The future of the concept of ‘home’.
We live in a world where having a house, and a feeling of home is no longer a standard. People travel the globe voluntarily with only a small suitcase or backpack to explore the world and meanwhile they work on location or do internet-enabled freelance work. Even if a so-called Digital Nomad remains in one country for a more extended period, such as the Netherlands, they couch surf (sleeping on couches of family and friends) or are a ‘house-carer’ for people that are on holiday. They have no fixed place, no house or even a feeling of home. That is something they don’t want. They want to experience freedom.
There is also a large group of people who do not voluntarily have a house or a feeling of home. Such are refugees who flee from their homeland, far away from what they can safely call a home and end up in various refugee camps. Arriving at their destination country, they are sent to asylum centres and still not have a house or a feeling of home. That is something they want; they want to experience freedom again.
Pronounced differences between Digital Nomads and Refugees are quite clear however, similarities can be found in not having a home base. How does this influence someone’s identity? And what does the feeling of home mean in contemporary society?
How can we relate this to what is happening in society right now?
“Home is a place where all your belongings reside. Home is where you sleep, night after night, in your bed. Home is where you feel safe, secure and happy. Home is where you always want to end your day because you don’t feel more welcome than in your own home. The feeling you get after walking inside your house after being away for a long time. Home is more than a place; it is a feeling”, says Tarah Webber, writing down her thoughts on her blog. And that is precisely what it is all about.

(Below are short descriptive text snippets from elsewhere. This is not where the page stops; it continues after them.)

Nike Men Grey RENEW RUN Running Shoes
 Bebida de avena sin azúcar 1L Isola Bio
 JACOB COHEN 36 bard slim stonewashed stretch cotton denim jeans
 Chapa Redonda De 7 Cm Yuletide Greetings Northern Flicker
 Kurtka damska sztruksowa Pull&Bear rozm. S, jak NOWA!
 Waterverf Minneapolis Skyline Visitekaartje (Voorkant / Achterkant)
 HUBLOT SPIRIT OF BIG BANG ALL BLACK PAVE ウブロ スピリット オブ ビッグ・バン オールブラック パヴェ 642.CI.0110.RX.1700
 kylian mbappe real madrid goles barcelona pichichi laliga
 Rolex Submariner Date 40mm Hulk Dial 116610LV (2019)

Feeling at home is a warm feeling; it is a place where you feel welcomed and secure but in contemporary society, the feeling of home is changing. ‘Home’ was first connected to a place, a building made out of bricks. Now people all around the world, voluntarily and none voluntarily change that meaning to one that is centred around people.
John Bowlby, a British psychologist, and psychoanalyst that is known for his attachment theory, argued that when we were young, home represented a solid base from which we can feel safe to explore the world. Interestingly, that solid base isn’t even necessarily a place, it’s a hub that takes the form of our primary caregivers. These people who are dependable and constant, and they give us the courage to try new things and meet new people, safe in the knowledge that they will be easily accessible should anything go wrong.
“When you’re a nomad nowhere is home and everywhere is home.”
This transition of society fits well into the Globalization Megatrend. When boundaries slowly begin to blur, there is an increase in not only trading in the financial — and retail industry but also in terms of social welfare and identity. Because of globalization, the world becomes interconnected. Both offline and online. It undermines local and national cultural traditions and increasingly urges a more global consumer. And that is something worth noting. Home is a part of our identity, and that element does not change. The meaning of home as part of our identity is changing too. Our idea of home becomes more of a person than a place. And it is wherever people settle, that place becomes out home.
Where are we local?
“As the world becomes gradually more interconnected, our human identities become increasingly complex. This complexity extremely inspires me; how cultural contrasts appear, how we maintain traditions, how we form groups, and how we shape an identity based on our experiences through life”, says Sia Hurtigkarl Degel, a Danish artist who I interviewed last year about her graduation project ‘Multi-Locals’.
Her work was inspired by her experience living abroad and feeling at home in different countries. “Living abroad additionally made me more aware of how these changes of feeling at home and being a local in different cities and countries shaped my own identity. The relation to my origin is indeed affected by the different environments I have been a part of — and felt like a local within. I have become a multi-local myself. The moment I started to identify myself less with my origin as a Dane, I realized how little a nationality tells about a person and how much nationality matters to our perception of one another. An interesting paradox since nations only exists because humankind agreed upon them. National identity — or nationalism, is the root of a great deal of fear in modern society. Believing that one nationality has more rights than others. In my opinion, nations are an illusion, and I wonder how future identities would evolve without them”, Sia says.
Why is this interesting when we look at the future?
As human beings, we are becoming multi-local, whether you’re doing so voluntarily (digitally) or non-voluntarily (refugee). This shift from a home base that is a house at a specific location to a feeling of home based as a collective group of people is a new way to look at our identity. In the future, we are going to explore our ‘multilocalism’ and see ourselves more as a world citizen rather than an inhabitant of a specific country or city. A home becomes more than a building made out of a brick. It is about the people. Home is people, not a place.